Le sketch avait été diffusé à l’occasion du concert géant organisé pour son Jubilé de platine. Elle était absente de l’événement, en raison d’une santé déjà fragile. La vidéo avait fait le tour des réseaux sociaux. Buckingham Palace avait, une nouvelle fois, suivi l’apparition de ces nouvelles formes de communication.
« Très tôt, la monarchie britannique s’est mise sur tous les réseaux »
« Très tôt, la monarchie britannique s’est mise sur tous les réseaux », confirme Stéphane Bern, « on lui a trouvé des gants qui lui permettaient de tweeter sur un écran tactile. Elle a aussi été la première à envoyer un mail. Elle pensait qu’il fallait toujours s’adapter aux évolutions de son époque ». Preuve de la nouvelle importance donnée aux réseaux sociaux : en juin 2019, ses services recherchaient un Community manager « pour animer les comptes Twitter, Facebook et Instagram de la reine, pour un salaire de 2.800 euros », racontait BFMTV. Mission : « Trouver de nouvelles façons pour maintenir la présence de la Reine aux yeux du public dans le monde entier ».

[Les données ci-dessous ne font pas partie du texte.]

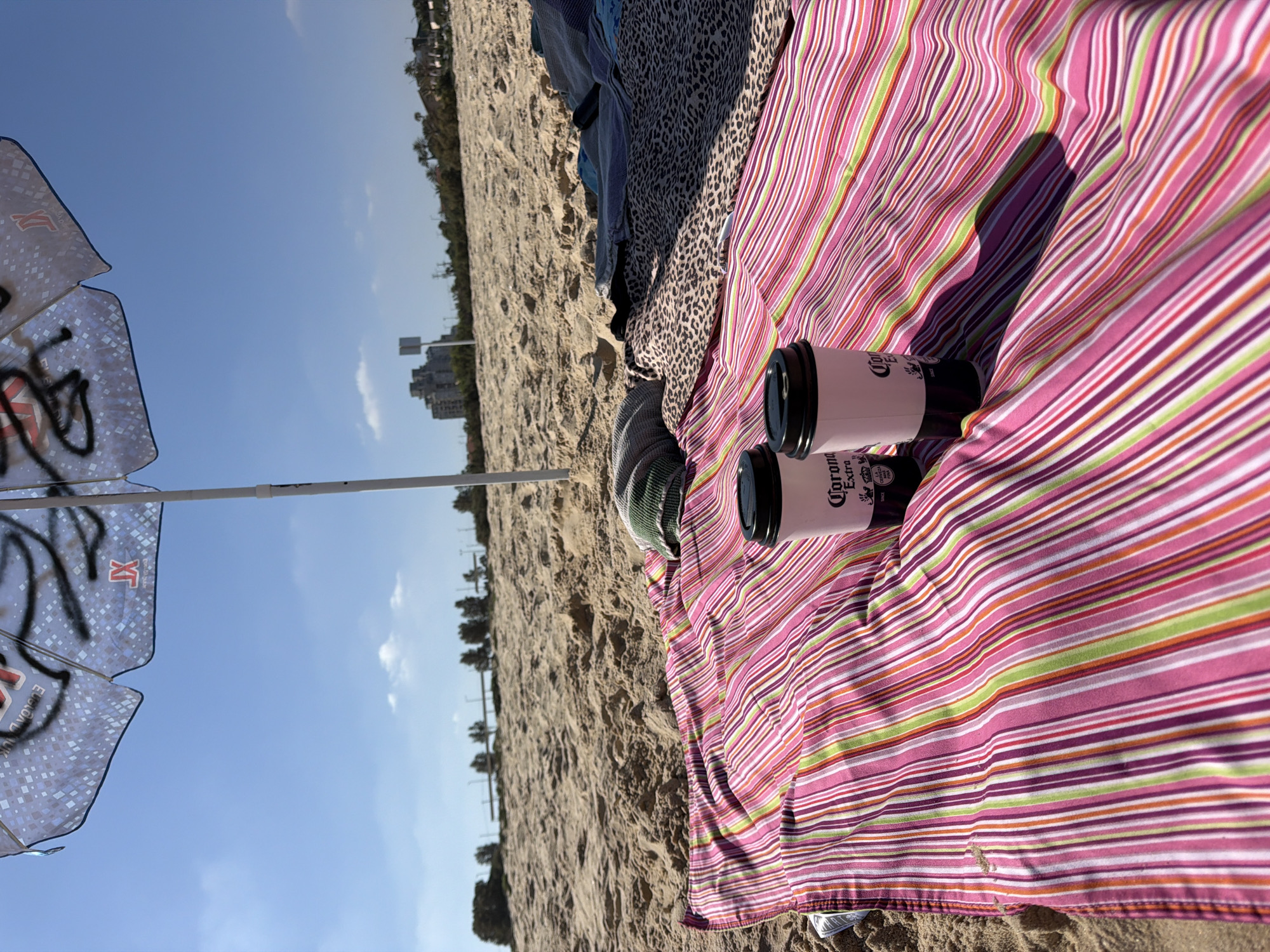 The image shows a beach scene in Ashkelon, Israel. A striped pink, white, green, and purple blanket is spread on the sand, partially covered by other blankets. Two white disposable cups with black lids, branded "Corona Extra", are placed on the blanket. An open beach umbrella, with a pattern of light blue squares and dark graffiti, stands behind the cups, casting a shadow. The background reveals a sandy beach, a line of trees and buildings in the distance, and a clear blue sky with a few white clouds. The overall impression is a relaxed, outdoor setting on a sunny day.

Elizabeth II, reine qui a su épouser la modernité ? « Oui, tout en refusant de sombrer dans le tout spectacle et le tout numérique de l’époque », selon Gazpar Gantzer. « Je ne sais pas si son souci c’était d’être moderne. Mais plutôt d’être visible, d’être vue », tempère Alex Taylor.
« C’est comme la maman. On attendait qu’elle parle, quand il y avait une crise »
Pouvoir garder ce lien privilégié et être, jusqu’au bout, la mère de toute la Nation. C’est ce qui importait, au fond, à Elizabeth II, présente dans les moments importants ou difficiles, comme lors de la crise du covid-19, en avril 2020. Stéphane Bern : « C’est comme la maman. On attendait qu’elle parle, quand il y avait une crise ».
Que ce soit sur via la BBC, média qui aura accompagné tout son règne, jusqu’à l’annonce de sa mort, ou les réseaux sociaux, elle s’adresse à ses sujets dans ce moment douloureux. « We will meet again », conclut the Queen. Une référence à la chanson de 1939 de Vera Lynn. « Elle a su faire passer des messages, comme pendant le covid, en citant cette chanson de la seconde guerre mondiale », salue Alex Taylor. Lié à la bataille d’Angleterre, le morceau occupe dans l’imaginaire britannique une place à part, synonyme d’espoir.